_REQUIRED ACTION_:
Reproduce every record exactly as it appears, but not the pictures.

_GIVEN DATA_:
[Start of section]

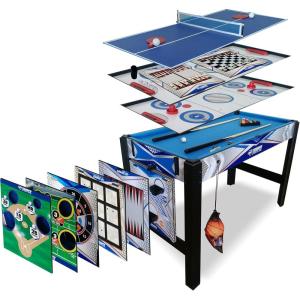 imageTriumph 13in1 Combo Game Table Includes Basketball Table Tennis Billiards Push Hockey Launch Football Baseball TicTacToe and Skee Bean Bag Toss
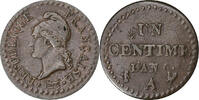 Frankreich Centime Dupré, Paris, Bronze, SS, Gadoury:76, KM:646 -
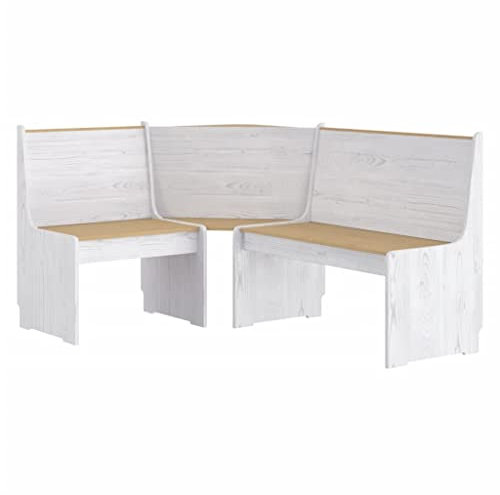 Bussandri Exclusive - Eckbank 151 cm Honigbraun und Weiß Massivholz Kiefer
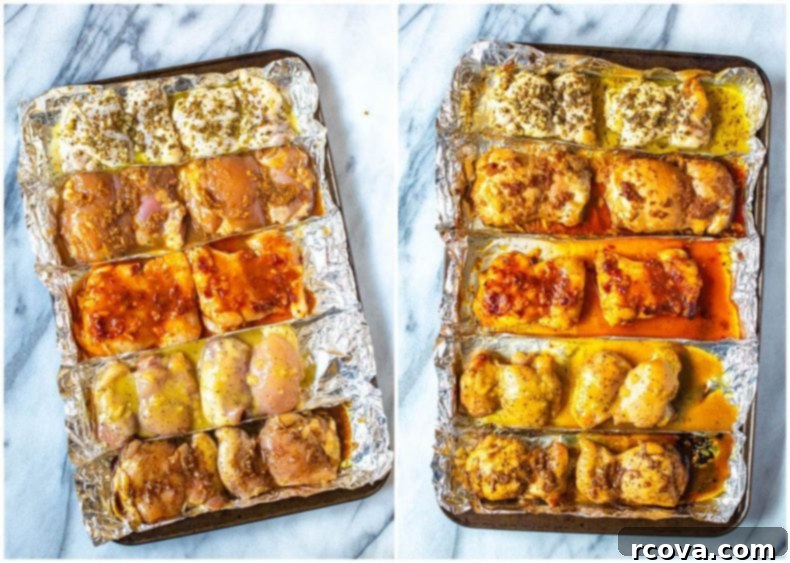 Unlock Flavor: 8 Must-Try Chicken Marinades 4 Delicious Chicken Thigh Marinades - 5 Ways. Image 1: raw thighs on a foil lined baking sheet. Image 2: cooked thighs on the foil lined sheet.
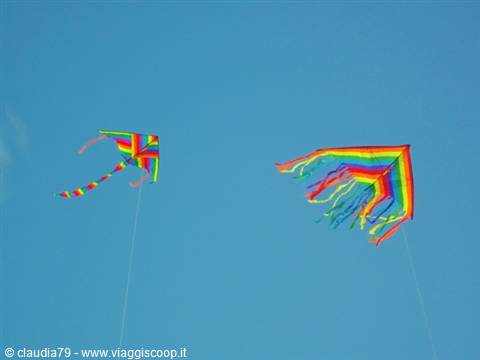 Kites at the Canonica Park in Certaldo (FI). Summer in Tuscany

[End of section]

_RESPONSE_:
 imageTriumph 13in1 Combo Game Table Includes Basketball Table Tennis Billiards Push Hockey Launch Football Baseball TicTacToe and Skee Bean Bag Toss
 Frankreich Centime Dupré, Paris, Bronze, SS, Gadoury:76, KM:646 -
 Bussandri Exclusive - Eckbank 151 cm Honigbraun und Weiß Massivholz Kiefer
 Unlock Flavor: 8 Must-Try Chicken Marinades 4 Delicious Chicken Thigh Marinades - 5 Ways. Image 1: raw thighs on a foil lined baking sheet. Image 2: cooked thighs on the foil lined sheet.
 Kites at the Canonica Park in Certaldo (FI). Summer in Tuscany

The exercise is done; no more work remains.